I question how many people know what it actually says in our liturgical books (the Roman Missal) about the sign of peace.  I quote from the rubrics (liturgical instructions printed in red):  Then, if appropriate, the deacon or priest adds: “Let us offer each other the sign of peace.”  It appears to be left to the priest’s discretion whether or not he invites people to exchange the sign of peace at Mass. 

There are numerous options given to a priest during Mass. There is the choice of penitential rite, the choice of Eucharistic Prayer and the choice of final blessing, just to name a few.  A priest may wear Gothic or Roman vestments. A priest may incorporate Latin (Sanctus, Agnus Dei) and Greek (Kyrie) into the Mass.  A priest can decide whether to offer Mass using the prayers for the saint of the day (when it is an optional memorial) or not. (Then, the liturgical colors of the vestments would sometimes change accordingly.)  A priest may choose to use incense at Mass.  Etc., etc., etc.  Lots of options are given.  Perhaps too many.

What’s my point?

With so many options at the discretion of the priest-celebrant, the Mass can look quite different from parish to parish, let alone from diocese to diocese or country to country.  (And, I am not speaking about language/cultural differences here.)  The Mass—which was once a unifying point for Catholics throughout the world—has, at many times, become a place of confusion and sometime outright contention.  I don’t like that type of music.  Why do you have to use Latin?  Incense makes me cough.  There should be more time for silence.  We should/should not use bells.  Get the picture?

The current trends coming from authorities in Rome seem to have a real problem with traditional forms of the Mass.  As one who has seen liturgical abuses ad nauseam over my fifty plus years serving on the altar (altar boy, seminarian, through 35 years of priesthood), it completely baffles me.  So many things I have seen have truly been scandalous and irreverent—from Masses celebrated on a raft in the ocean by a bare-chested priest, to clown Masses, to rock and roll Masses, to Masses with puppets, to Masses with liturgical dance by scantily-clad women, etc. etc.  And the traditional Latin Mass is discouraged, limited, forbidden or condemned?  Give me a break!

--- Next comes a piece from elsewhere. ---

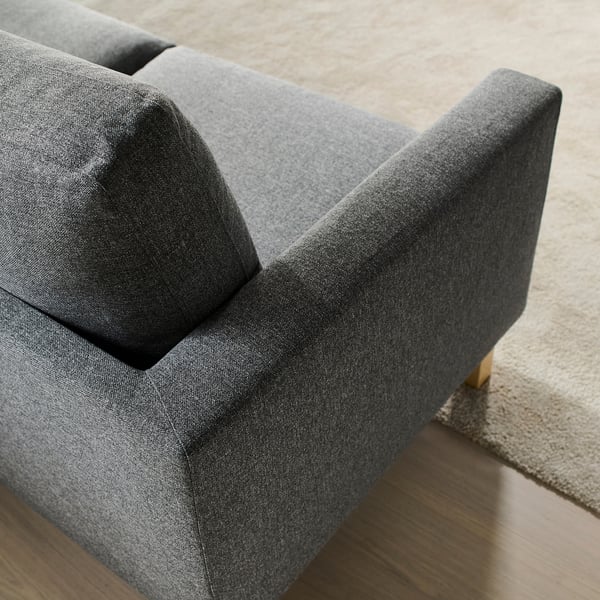Kuxin sendoekin eta egurrezko hanka ikusgaiekin sofa gris moderno baten hurbileko planoa.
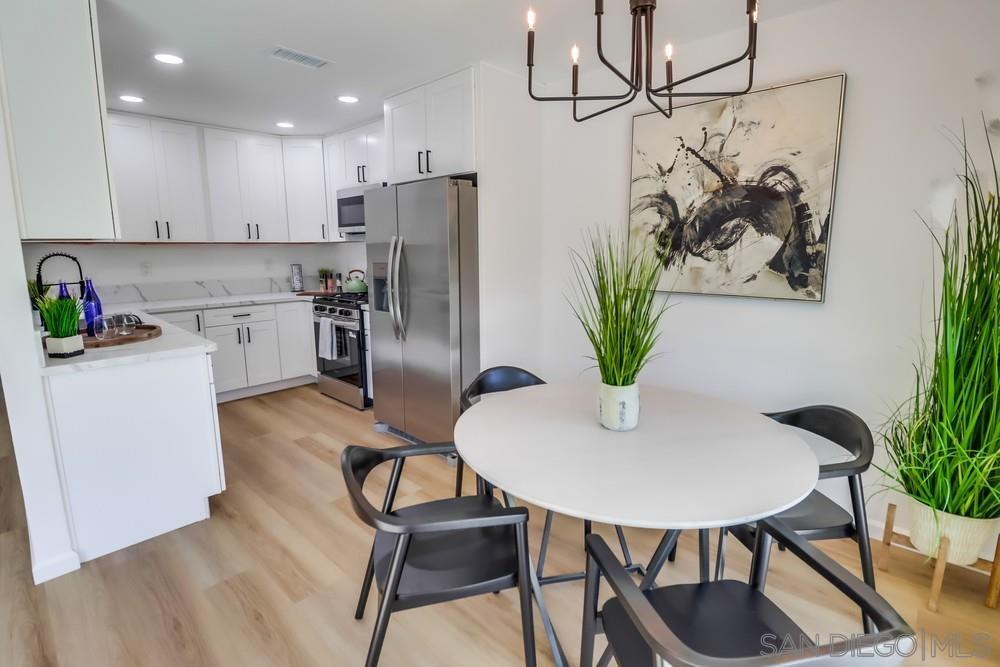 2821 Rosedale Way Spring Valley, CA 91977 - Photo 8 of 70 a kitchen with a table and chairs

Up until the 1960’s, there was a traditional, standard, unified way of offering the Holy Sacrifice of the Mass.  Somehow, afterwards, it became acceptable and standard practice for the priest to no longer face God (ad orientem), for the people to receive Holy Communion in the hand without kneeling in reverence, to flood the sanctuaries with Extraordinary Ministers of Holy Communion (commonly referred to as Eucharistic Ministers), and many other practices.  Has it all led us to a deeper belief in the Real Presence of Jesus in the Holy Eucharist?  Have the churches grown or diminished in membership?  Are there more young men desiring to be priests?  Do the majority of baptized Catholics still believe and regularly practice their faith? 

But when the Son of Man comes, will he find faith on earth?  (Lk. 18:8)

So, when it comes to offering the sign of peace at Mass, don’t be surprised if I choose not to exercise my option here.  Maybe, then, there may be some realization that too many liturgical options can and have led to too many liturgical abuses.